The UK Government's advisors have today said that all over-40s should be offered a Covid booster vaccine. 

Booster jabs are currently being rolled out in Scotland to everyone over the age of 50, as well as people who are clinically vulnerable, carers and frontline health workers. 

Now the UK Health Security Agency says that three doses of the vaccine cuts risk of infection by more than 93%. 

Extending the booster scheme to people over 40 could help to cut transmission of the virus over the winter months, and therefore ease pressure on the NHS. 

But, does the booster rollout for over-40s apply to Scotland? 

Here's what you need to know...

Will over-40s in Scotland get the Covid booster?

Yes - people aged 40-49 in Scotland will be offered a booster vaccine.

Health is a devolved matter meaning the the Scottish government is in charge of decisions on vaccinations. 

The Scottish government has confirmed that all over-40s in Scotland will be offered a booster jab. 

This will come in the form of either Pfizer or a half dose of the Moderna jab, administered six months after the second dose of the Covid vaccine. 

Scotland's Chief Medical officer Dr Gregor Smith said: "These will be offered once the earlier agreed priority groups have had their booster injections to ensure the most vulnerable groups are offered protection first. 
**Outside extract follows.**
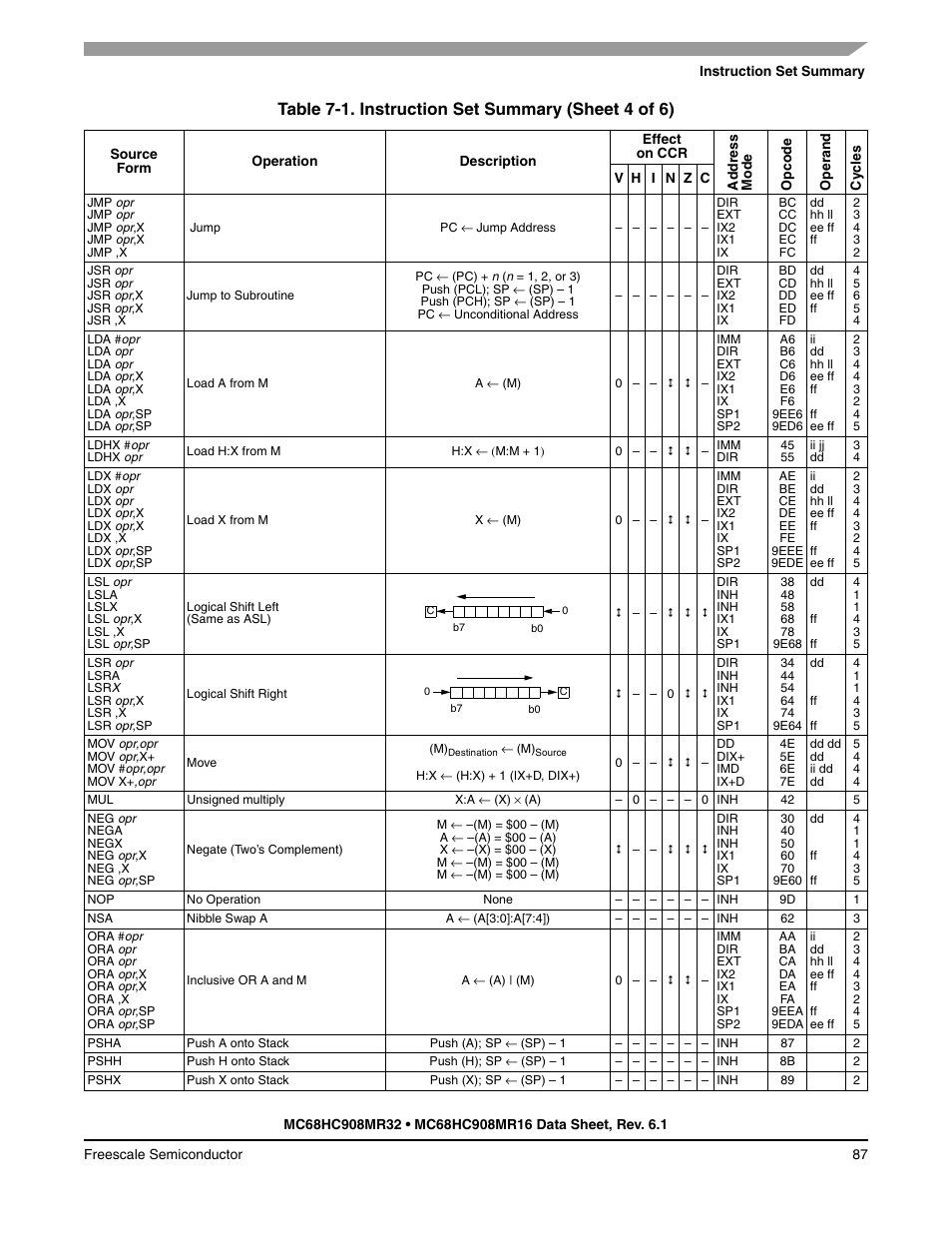 Table 7-1. instruction set summary (sheet 4 of 6) | Freescale Semiconductor MC68HC908MR32 User Manual | Page 87 / 282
"The 40-49 year old group will son be able to book their own appointments through the NHS online portal - which is now live for 50-59 year olds."

Why are booster jabs being offered?

During a press conference on Monday morning, chairman of the JCVI Professor Wei Shen Lim said that booster jabs "markedly" improved protection against Covid. 
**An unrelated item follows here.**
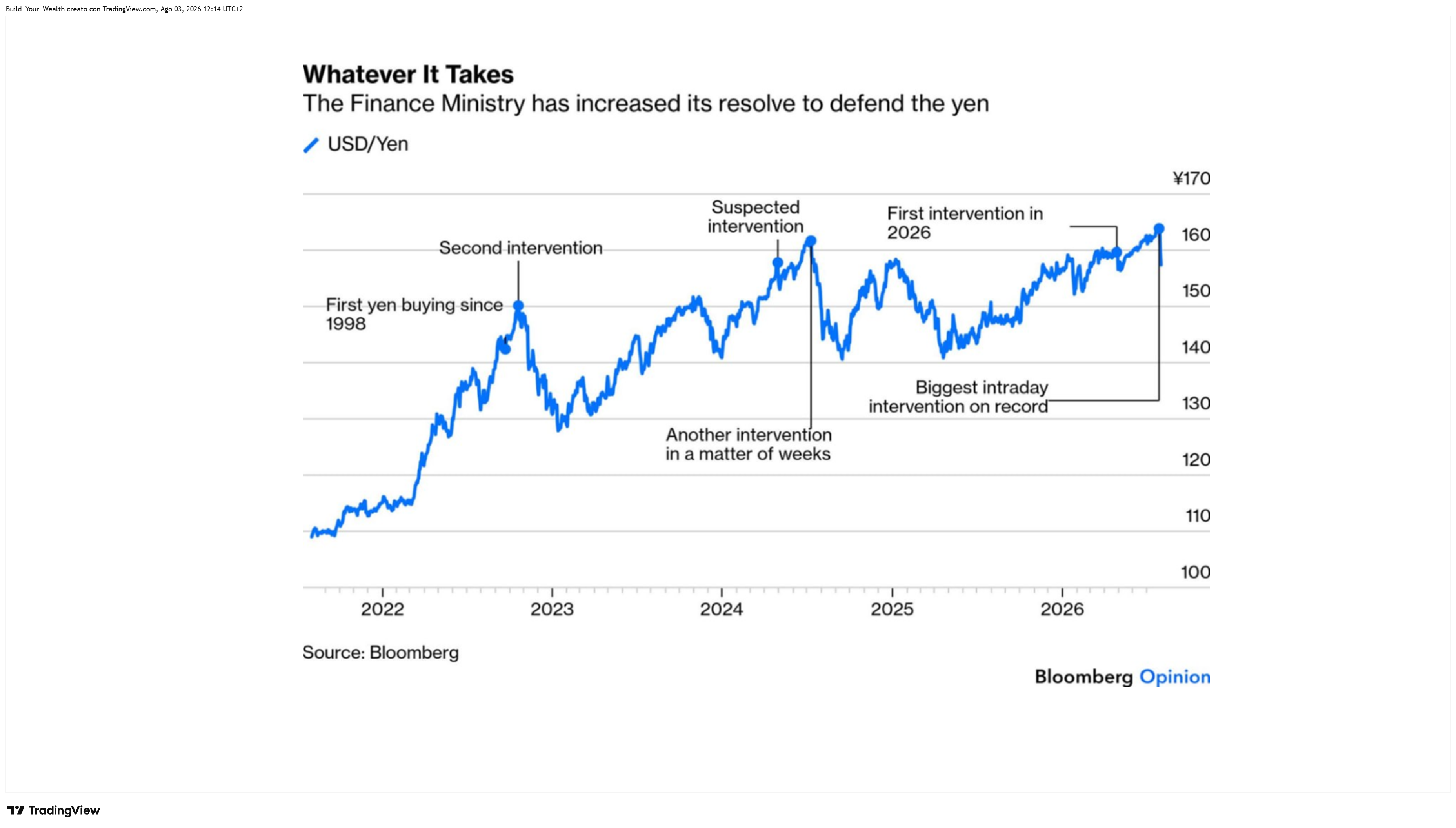 TVC:SPX Chart Image by Build_Your_Wealth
According to the JCVI, not only does the booster strenthen existing protection, but it "extends the duration of that protection against serious disease". 

Meanwhile, Professor Jonathan Van-Tam cited the situation in Israel, where there has been a reduction in cases following the booster rollout, as evidence of the success of the vaccine scheme. 
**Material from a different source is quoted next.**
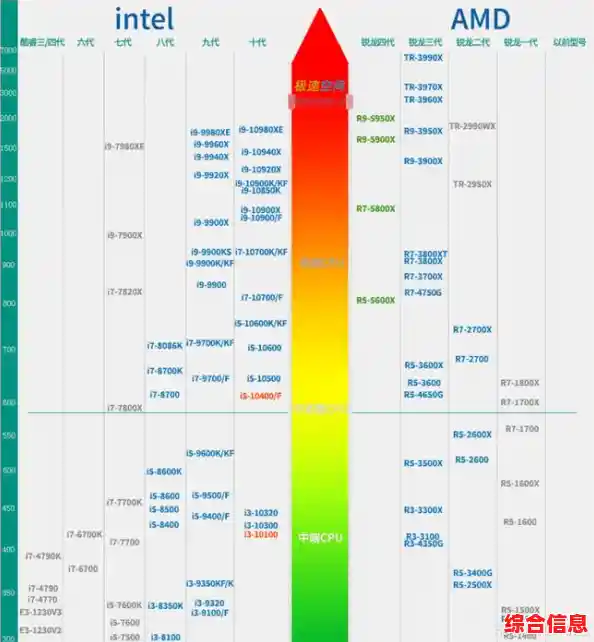 最新笔记本CPU天梯图2024版:揭秘处理器性能与效能的黄金搭配 最新笔记本CPU天梯图2024版:揭秘处理器性能与效能的黄金搭配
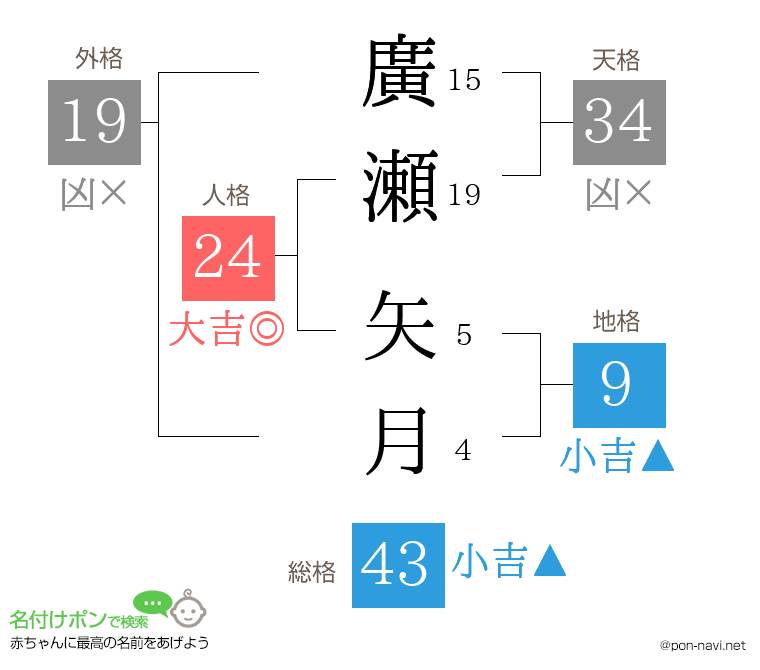 廣瀬 矢月さんの姓名判断結果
He said: "They’re showing that in people aged over 60 in Israel, after a messenger RNA booster, and compared with simply having received the first two doses of Pfizer – in the case of Israel three to four weeks apart – They are observing a tenfold reduction against all Covid infections, an 18.7-fold reduction against hospitalisations, and a 14.7-fold reduction against mortality, and that’s on top of the initial course of Pfizer.

"So I believe therefore that if the booster programme is successful, and with very high uptake, we can massively reduce the worry about hospitalisation and death due to Covid at Christmas, and for the rest of this winter."